Monday, December 22, 2008

Necessary blessing check

I need to count my blessings.

Serious! I NEED to turn my face to the positive stuff in my life.
Because the negative is getting me down.
And down.
And down.

Kinda like a toilet bowl...swirling...swirling...

OK, that was a little graphic. but you get the idea.

I don't want to be alone for Christmas.
Of course, I won't be ALONE alone. Not with four kiddos.
Who are, by the way, suffering from MAJOR cabin fever.
From being trapped in the house for a week.
And the snow just keeps getting deeper.
And mother keeps getting more morose by the minute.
And the anticipation of Christmas is building.
And our plans are being cancelled.
and...and...and...

So I was outside shoveling the walkway earlier.
Which is against my personal philosophy.
But it had to be done.

And started praying. Out of desperation. As the tears are freezing on my face.
"Why, God? Please help me! You can fix this! or at least fix my heart."

And He said "Why are you upset? I'm here with you all the time!"

No, I'm not nuts.
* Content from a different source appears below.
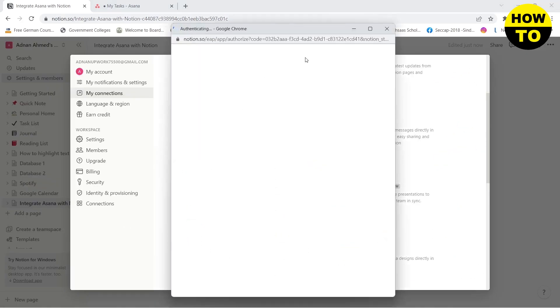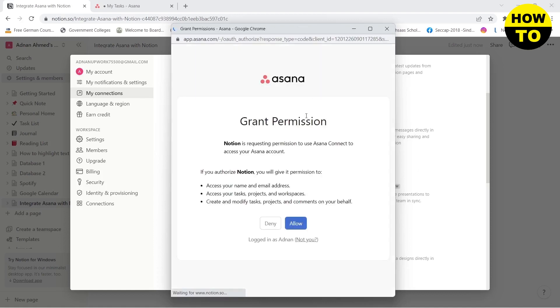This will open a pop-up window. Here you need to log in to your Asana account, and here it will grant permission from Asana. You need to click on Allow.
Just having a conversation with God...
"But you aren't flesh and blood. You've given me someone special and I can't get to him because of this weather!"

"you're right. I DID give him to you...and you to him. In fact, I've given you LOTS of things and here you are whining."

Didn't I just say that to one of my kids this morning when he wanted to open a Christmas gift early?

Yikes.

"But I can't shake this, God. It hurts and I have to fight constantly not to cry. It hurts!"

"Then when you get to be with him, won't you be grateful? Won't take him for granted, will you?
What about your other blessings? Try being POSITIVE, girl!"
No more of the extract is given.